From the line that contains "2024 Hyundai IONIQ 5 SEL" to the last line of the data, every line is to be transcribed exactly; no other line is to be included.

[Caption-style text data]
# # # # #
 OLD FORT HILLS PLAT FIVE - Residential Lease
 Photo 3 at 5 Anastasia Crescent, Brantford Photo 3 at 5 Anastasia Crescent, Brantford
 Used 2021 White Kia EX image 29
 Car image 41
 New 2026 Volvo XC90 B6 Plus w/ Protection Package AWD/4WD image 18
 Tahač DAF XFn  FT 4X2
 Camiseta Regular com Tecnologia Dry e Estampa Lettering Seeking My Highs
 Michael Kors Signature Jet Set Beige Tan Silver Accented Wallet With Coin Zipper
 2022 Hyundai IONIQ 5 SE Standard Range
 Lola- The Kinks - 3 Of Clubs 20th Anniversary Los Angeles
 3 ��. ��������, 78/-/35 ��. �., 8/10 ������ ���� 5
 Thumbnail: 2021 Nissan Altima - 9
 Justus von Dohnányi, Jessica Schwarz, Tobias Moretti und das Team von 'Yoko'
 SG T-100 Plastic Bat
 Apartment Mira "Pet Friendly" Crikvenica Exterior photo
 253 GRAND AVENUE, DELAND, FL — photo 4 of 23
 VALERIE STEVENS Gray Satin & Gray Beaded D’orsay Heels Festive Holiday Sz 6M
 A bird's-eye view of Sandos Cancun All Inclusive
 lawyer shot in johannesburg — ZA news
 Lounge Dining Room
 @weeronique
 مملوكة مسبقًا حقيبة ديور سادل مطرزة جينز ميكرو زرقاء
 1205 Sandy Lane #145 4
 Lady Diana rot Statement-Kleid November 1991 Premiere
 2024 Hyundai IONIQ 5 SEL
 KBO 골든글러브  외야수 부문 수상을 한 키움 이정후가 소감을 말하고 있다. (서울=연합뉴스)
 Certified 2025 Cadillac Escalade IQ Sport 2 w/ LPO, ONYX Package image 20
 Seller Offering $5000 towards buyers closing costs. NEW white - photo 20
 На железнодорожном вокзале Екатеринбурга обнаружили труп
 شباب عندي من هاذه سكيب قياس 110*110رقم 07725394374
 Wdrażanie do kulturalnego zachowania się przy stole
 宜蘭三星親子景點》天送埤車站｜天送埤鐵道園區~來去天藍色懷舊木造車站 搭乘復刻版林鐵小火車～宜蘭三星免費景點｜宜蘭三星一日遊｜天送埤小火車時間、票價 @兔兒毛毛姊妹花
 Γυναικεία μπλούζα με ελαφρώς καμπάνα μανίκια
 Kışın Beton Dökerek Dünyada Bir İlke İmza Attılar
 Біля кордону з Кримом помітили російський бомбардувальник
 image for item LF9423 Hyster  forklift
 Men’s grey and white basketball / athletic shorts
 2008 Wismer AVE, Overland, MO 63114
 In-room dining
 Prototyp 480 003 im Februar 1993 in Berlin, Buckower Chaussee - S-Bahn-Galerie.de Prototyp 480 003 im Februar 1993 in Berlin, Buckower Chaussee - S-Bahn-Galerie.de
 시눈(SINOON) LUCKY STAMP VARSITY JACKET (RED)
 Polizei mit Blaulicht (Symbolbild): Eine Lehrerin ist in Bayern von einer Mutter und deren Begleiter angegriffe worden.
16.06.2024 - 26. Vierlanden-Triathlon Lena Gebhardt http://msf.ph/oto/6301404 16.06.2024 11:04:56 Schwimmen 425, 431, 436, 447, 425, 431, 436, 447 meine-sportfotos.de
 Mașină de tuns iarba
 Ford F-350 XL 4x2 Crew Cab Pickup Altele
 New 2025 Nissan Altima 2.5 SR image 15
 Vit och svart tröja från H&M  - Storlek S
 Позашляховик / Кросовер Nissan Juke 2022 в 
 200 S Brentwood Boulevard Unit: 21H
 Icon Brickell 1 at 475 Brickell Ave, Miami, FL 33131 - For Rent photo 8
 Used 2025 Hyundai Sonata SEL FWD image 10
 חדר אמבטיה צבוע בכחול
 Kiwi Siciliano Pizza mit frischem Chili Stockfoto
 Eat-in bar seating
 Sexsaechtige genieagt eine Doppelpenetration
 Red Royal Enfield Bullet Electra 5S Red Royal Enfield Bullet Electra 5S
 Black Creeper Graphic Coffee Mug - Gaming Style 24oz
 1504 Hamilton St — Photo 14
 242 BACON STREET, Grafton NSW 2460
# # # # #
RESULT OF THIS TASK:
 2024 Hyundai IONIQ 5 SEL
 KBO 골든글러브  외야수 부문 수상을 한 키움 이정후가 소감을 말하고 있다. (서울=연합뉴스)
 Certified 2025 Cadillac Escalade IQ Sport 2 w/ LPO, ONYX Package image 20
 Seller Offering $5000 towards buyers closing costs. NEW white - photo 20
 На железнодорожном вокзале Екатеринбурга обнаружили труп
 شباب عندي من هاذه سكيب قياس 110*110رقم 07725394374
 Wdrażanie do kulturalnego zachowania się przy stole
 宜蘭三星親子景點》天送埤車站｜天送埤鐵道園區~來去天藍色懷舊木造車站 搭乘復刻版林鐵小火車～宜蘭三星免費景點｜宜蘭三星一日遊｜天送埤小火車時間、票價 @兔兒毛毛姊妹花
 Γυναικεία μπλούζα με ελαφρώς καμπάνα μανίκια
 Kışın Beton Dökerek Dünyada Bir İlke İmza Attılar
 Біля кордону з Кримом помітили російський бомбардувальник
 image for item LF9423 Hyster  forklift
 Men’s grey and white basketball / athletic shorts
 2008 Wismer AVE, Overland, MO 63114
 In-room dining
 Prototyp 480 003 im Februar 1993 in Berlin, Buckower Chaussee - S-Bahn-Galerie.de Prototyp 480 003 im Februar 1993 in Berlin, Buckower Chaussee - S-Bahn-Galerie.de
 시눈(SINOON) LUCKY STAMP VARSITY JACKET (RED)
 Polizei mit Blaulicht (Symbolbild): Eine Lehrerin ist in Bayern von einer Mutter und deren Begleiter angegriffe worden.
16.06.2024 - 26. Vierlanden-Triathlon Lena Gebhardt http://msf.ph/oto/6301404 16.06.2024 11:04:56 Schwimmen 425, 431, 436, 447, 425, 431, 436, 447 meine-sportfotos.de
 Mașină de tuns iarba
 Ford F-350 XL 4x2 Crew Cab Pickup Altele
 New 2025 Nissan Altima 2.5 SR image 15
 Vit och svart tröja från H&M  - Storlek S
 Позашляховик / Кросовер Nissan Juke 2022 в 
 200 S Brentwood Boulevard Unit: 21H
 Icon Brickell 1 at 475 Brickell Ave, Miami, FL 33131 - For Rent photo 8
 Used 2025 Hyundai Sonata SEL FWD image 10
 חדר אמבטיה צבוע בכחול
 Kiwi Siciliano Pizza mit frischem Chili Stockfoto
 Eat-in bar seating
 Sexsaechtige genieagt eine Doppelpenetration
 Red Royal Enfield Bullet Electra 5S Red Royal Enfield Bullet Electra 5S
 Black Creeper Graphic Coffee Mug - Gaming Style 24oz
 1504 Hamilton St — Photo 14
 242 BACON STREET, Grafton NSW 2460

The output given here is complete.